There is a certain narcissism and arrogance that often attends old age. Knowledge, experience and the tedium of repetition might easily result in the perfunctory application of conclusions born of some prior philosophical discussion rather than adherence to the constitution.
Indeed the court has presumed to update the Constitution by considering cases in a contemporary context so that the case law, established by the ruling, is more consistent with the court’s perception of the times.
This is no doubt easier than actually applying the Constitution; and more expedient than allowing the congress to do its job. Arguments presented to the court, which are not specifically addressed by the Constitution, should be referred to the congress for action. In that it is the court’s prerogative whether or not to hear a case, its election to hear a case more appropriately referred to the legislature, is based solely on its desire to arbitrate a particular dispute and, in many cases, to establish a new social order.
The problem is this action circumvents the constraints of the Constitution and the separation of powers; usurps the authority of the congress; and, when conflated with the impunity of life tenure, creates an omnipotent entity with infinite longevity. An unelected body that wields more power than the executive and legislative branches combined; and, the more the court wields this power, the less circumspect it is about doing so.
Just as the court presumed to decide the 2000 presidential election, it is now posed to legislate the question of same gender matrimony. Associate Justice Ruth Bader Ginsburg indicated as much when she suggested that members of the gay, lesbian, bisexual and transgender (lgbt) subculture should perhaps be considered a suspect class.
It is this capricious remark that begs the question, “how old is too old to sit on the high court?”.
These people have no particular immunity to the effects of aging and it is a fact that the older people get the less inclined they are to observe propriety.
Suppose Ginsburg were not a seventy nine year old justice but a fifty year old district court judge; before her is a very androgynous, effeminate male who is suing an athletic club to which he held a membership through a group plan at his place of employment.

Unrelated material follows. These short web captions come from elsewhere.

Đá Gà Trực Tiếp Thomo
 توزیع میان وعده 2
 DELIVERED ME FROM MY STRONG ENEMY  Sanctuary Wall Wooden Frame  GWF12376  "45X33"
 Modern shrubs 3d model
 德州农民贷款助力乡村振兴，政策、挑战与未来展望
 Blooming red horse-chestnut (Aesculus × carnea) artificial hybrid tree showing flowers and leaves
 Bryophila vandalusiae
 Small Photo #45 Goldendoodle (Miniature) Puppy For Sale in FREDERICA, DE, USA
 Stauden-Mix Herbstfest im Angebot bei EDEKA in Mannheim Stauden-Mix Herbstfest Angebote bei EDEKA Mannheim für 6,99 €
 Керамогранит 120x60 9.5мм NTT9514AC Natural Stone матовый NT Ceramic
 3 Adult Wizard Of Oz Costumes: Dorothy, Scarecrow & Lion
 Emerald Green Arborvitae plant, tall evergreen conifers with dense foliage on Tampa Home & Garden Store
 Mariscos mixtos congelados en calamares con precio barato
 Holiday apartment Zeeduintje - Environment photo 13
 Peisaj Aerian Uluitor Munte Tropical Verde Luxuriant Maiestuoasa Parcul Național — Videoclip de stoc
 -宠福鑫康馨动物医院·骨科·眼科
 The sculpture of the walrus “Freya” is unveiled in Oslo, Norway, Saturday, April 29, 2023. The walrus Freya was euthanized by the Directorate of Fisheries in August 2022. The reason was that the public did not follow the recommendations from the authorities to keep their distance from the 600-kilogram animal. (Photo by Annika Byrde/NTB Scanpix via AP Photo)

The man had accompanied a group of his co-workers to the club, the first time he attempted to use it. He was ejected by the manager because gays were not allowed in the club. The man is not suing for discrimination, he is suing for slander because he says he is not gay.
Would not Judge Ginsburg require some legal definition of gay and some established method for determining whether or not someone was gay? If she were the man’s lawyer, would she not demand it?
Why then would Justice Ginsburg be any less competent?
The more a person does something with favorable results and minimal to no negative consequences, the more likely they are to repeat it; and less likely to regard it as wrong; take Bernie Madoff, for example.
The fact is homosexuality is a behavior in which some people choose or are compelled to engage. It is not unlike gambling in that some people choose to gamble while others are compelled to do so.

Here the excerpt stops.